The entries below must be reproduced exactly; their pictures are not part of the copy.
Records supplied below:
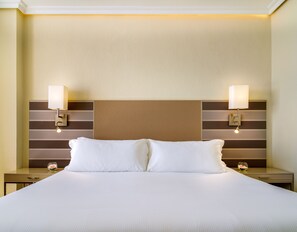 Minibar, free WiFi, bed sheets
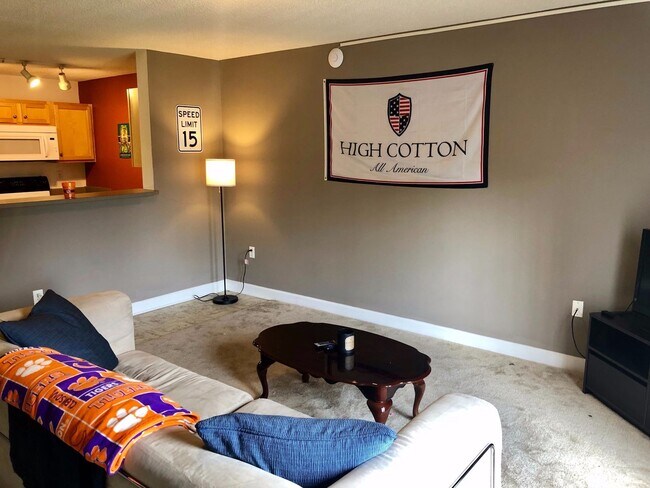 Foto del edificio - Roommate Matching Available in Harts Cove!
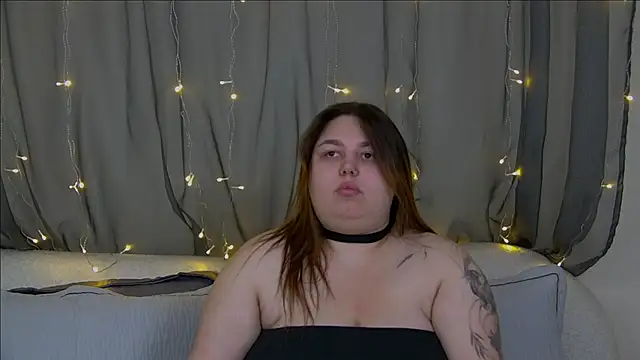 Snapshot of LillianKim chatting on 10-30-25, 06:30 LillianKim online show from 10-30-25, 06:30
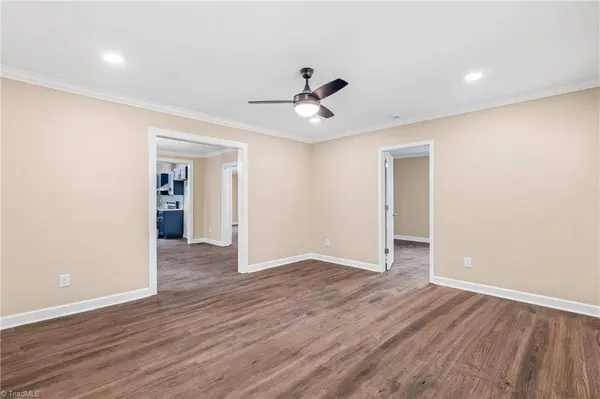 208 Warner ST, Thomasville, NC 27360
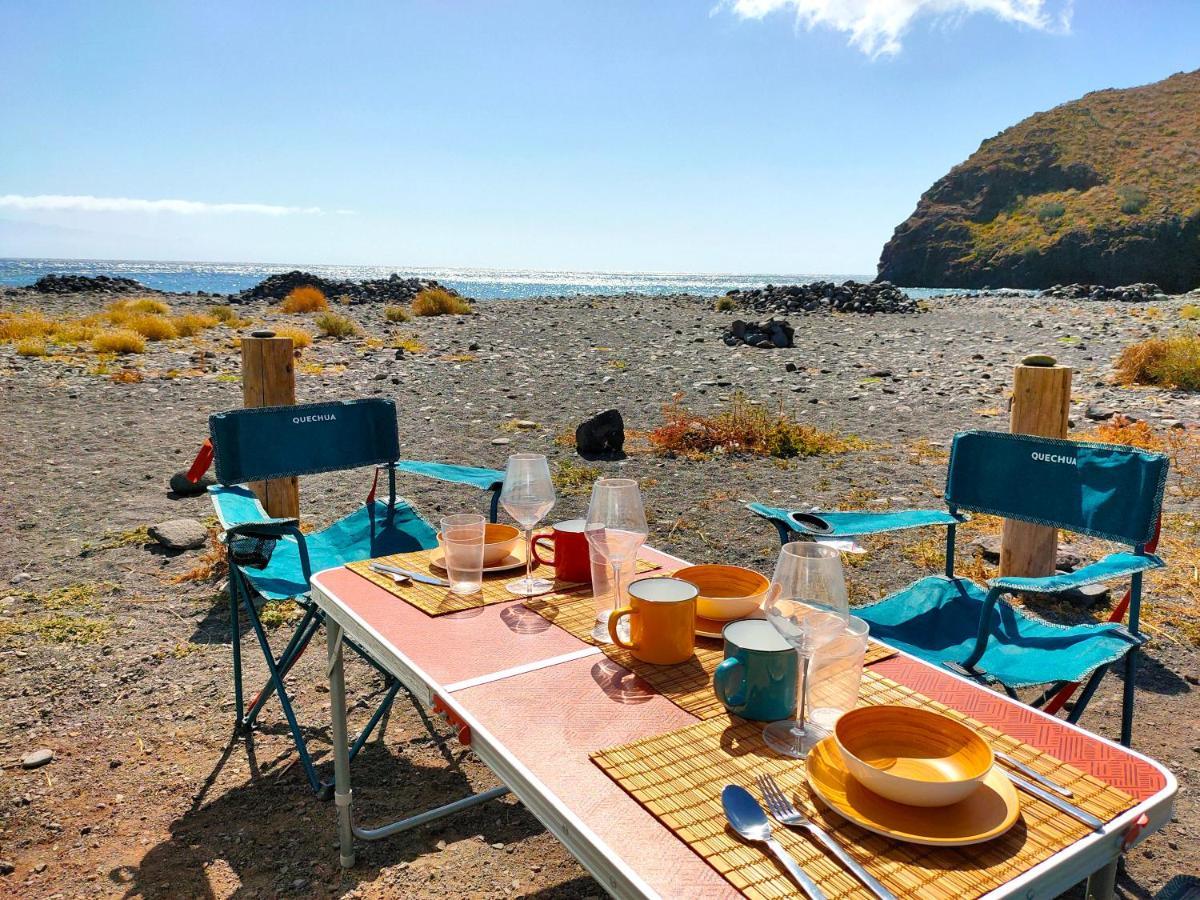 Furgoneta Camper La Gomera 2 San Sebastian De La Gomera Exterior photo
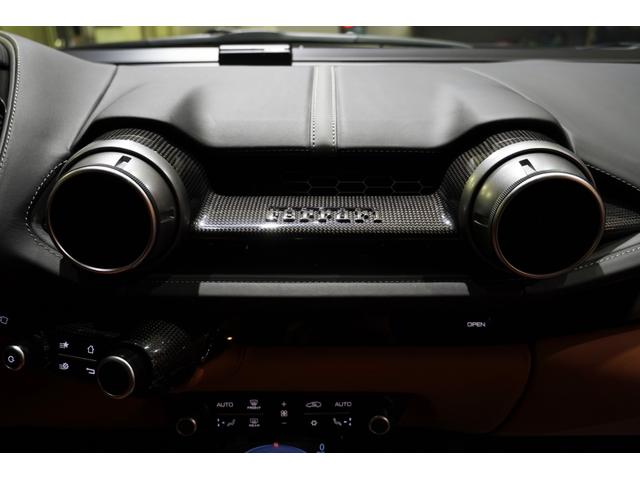 ８１２スーパーファスト ベースグレード　カーボンドライバーゾーン＋ＬＥＤステアリング　カーボンセンターブリッジ　ダッシュインサートカーボン　　Ｆリフター　パッセンジャーディスプレイ　ＡＬ１３鍛造ＡＷ　ＮＯＶＩＴＥＣスポーツスプリング（36枚目）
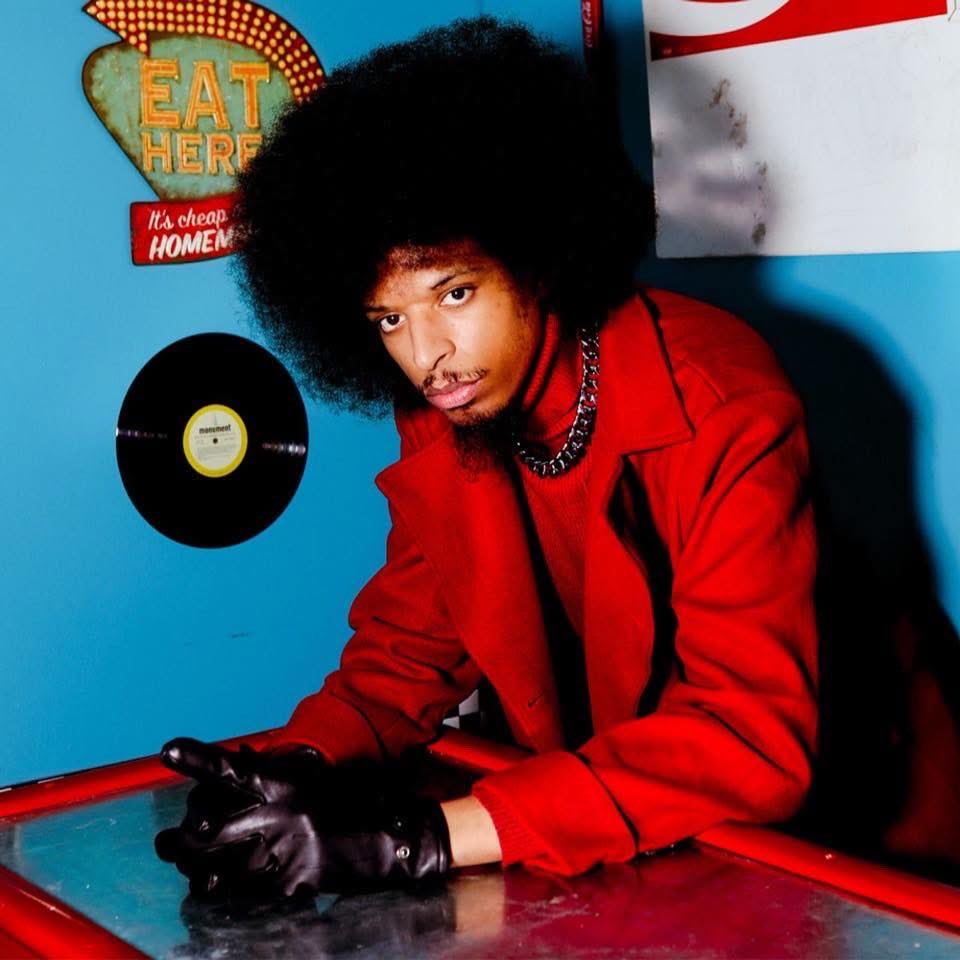 If <a href="/SnoopDogg/">Snoop Dogg</a> every do a biopic he need to get my friend <a href="/JayLynGatz/">Jay Lyn Gatz</a> to play him !! Check him out Snoop he an rapper too 🙏🏾😊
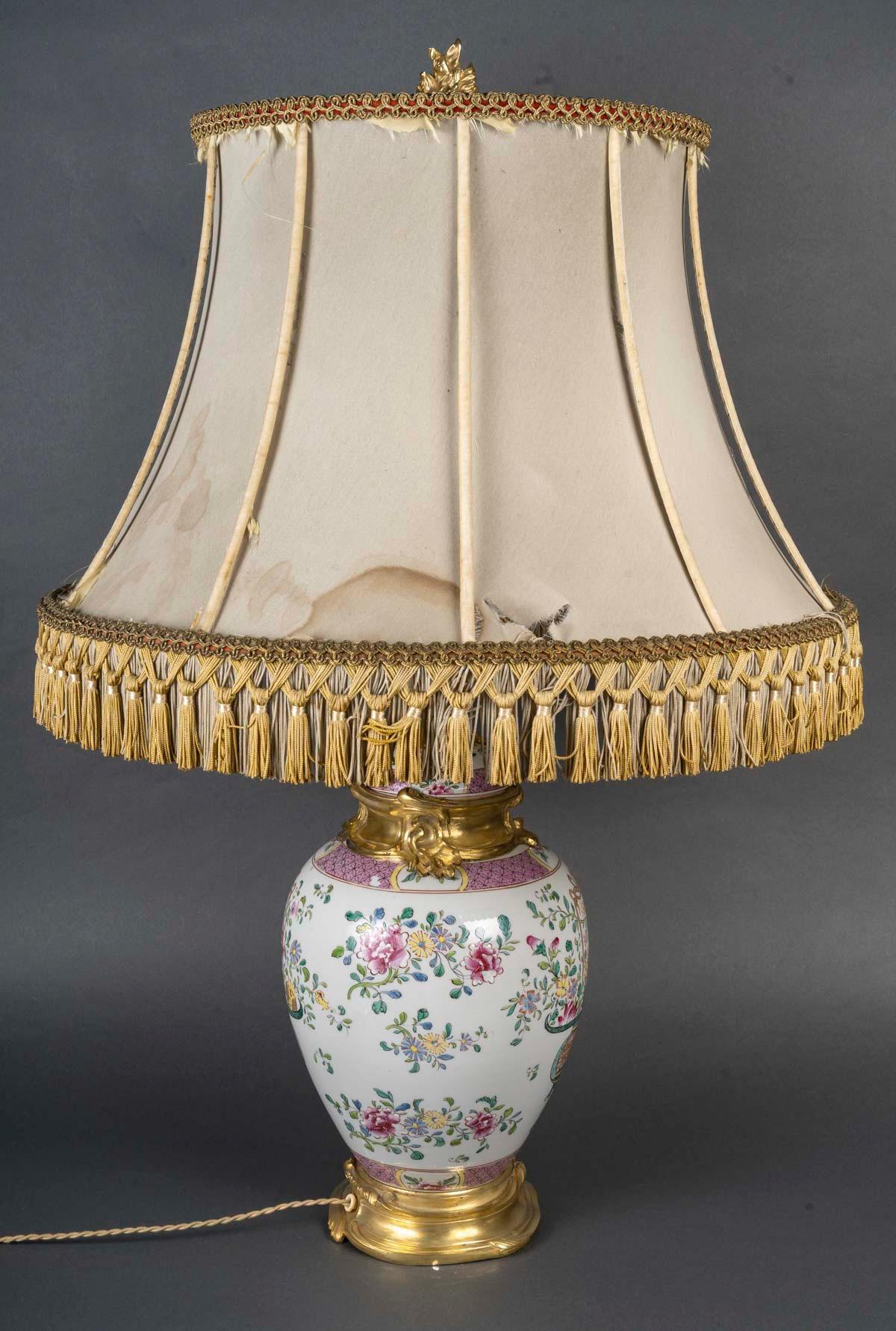 Chinesische Samson-Porzellanvase und Deckel im Famille-Rose-Stil des 19. Jahrhunderts, in einer Lampe mit Ormolu-Montage
Polychromes Design von Blumen und Blättern, Zweigen und Vasen, das Ingwerglas auf weißem Hintergrund.
Französische Louis XV-Stil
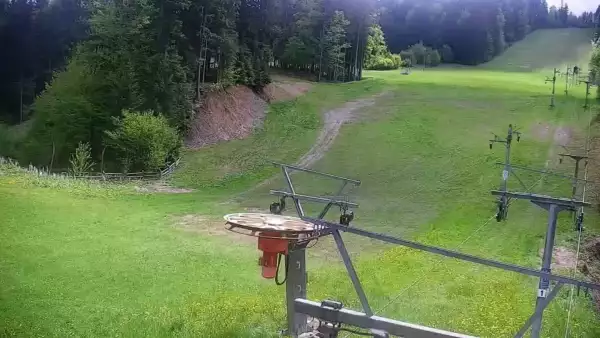 CIENIAWA SKI stacja narciarska z okolic Nowego Sącza.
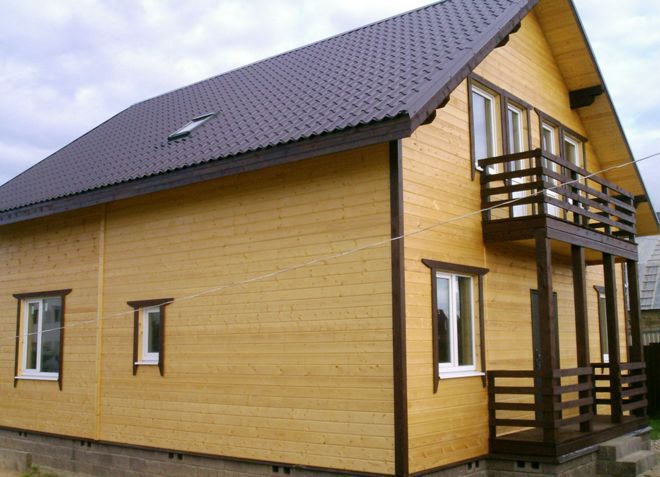 dokončení dřevěného venkovského domu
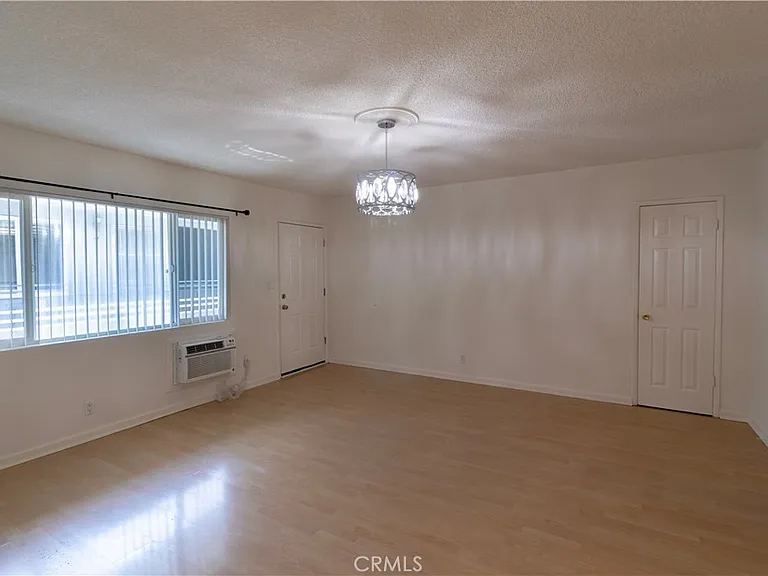 331 Cameron Pl #7 — Photo 6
End of Records supplied.
▸ **Exercise answer**
 Minibar, free WiFi, bed sheets
 Foto del edificio - Roommate Matching Available in Harts Cove!
 Snapshot of LillianKim chatting on 10-30-25, 06:30 LillianKim online show from 10-30-25, 06:30
 208 Warner ST, Thomasville, NC 27360
 Furgoneta Camper La Gomera 2 San Sebastian De La Gomera Exterior photo
 ８１２スーパーファスト ベースグレード　カーボンドライバーゾーン＋ＬＥＤステアリング　カーボンセンターブリッジ　ダッシュインサートカーボン　　Ｆリフター　パッセンジャーディスプレイ　ＡＬ１３鍛造ＡＷ　ＮＯＶＩＴＥＣスポーツスプリング（36枚目）
 If <a href="/SnoopDogg/">Snoop Dogg</a> every do a biopic he need to get my friend <a href="/JayLynGatz/">Jay Lyn Gatz</a> to play him !! Check him out Snoop he an rapper too 🙏🏾😊
 Chinesische Samson-Porzellanvase und Deckel im Famille-Rose-Stil des 19. Jahrhunderts, in einer Lampe mit Ormolu-Montage
Polychromes Design von Blumen und Blättern, Zweigen und Vasen, das Ingwerglas auf weißem Hintergrund.
Französische Louis XV-Stil
 CIENIAWA SKI stacja narciarska z okolic Nowego Sącza.
 dokončení dřevěného venkovského domu
 331 Cameron Pl #7 — Photo 6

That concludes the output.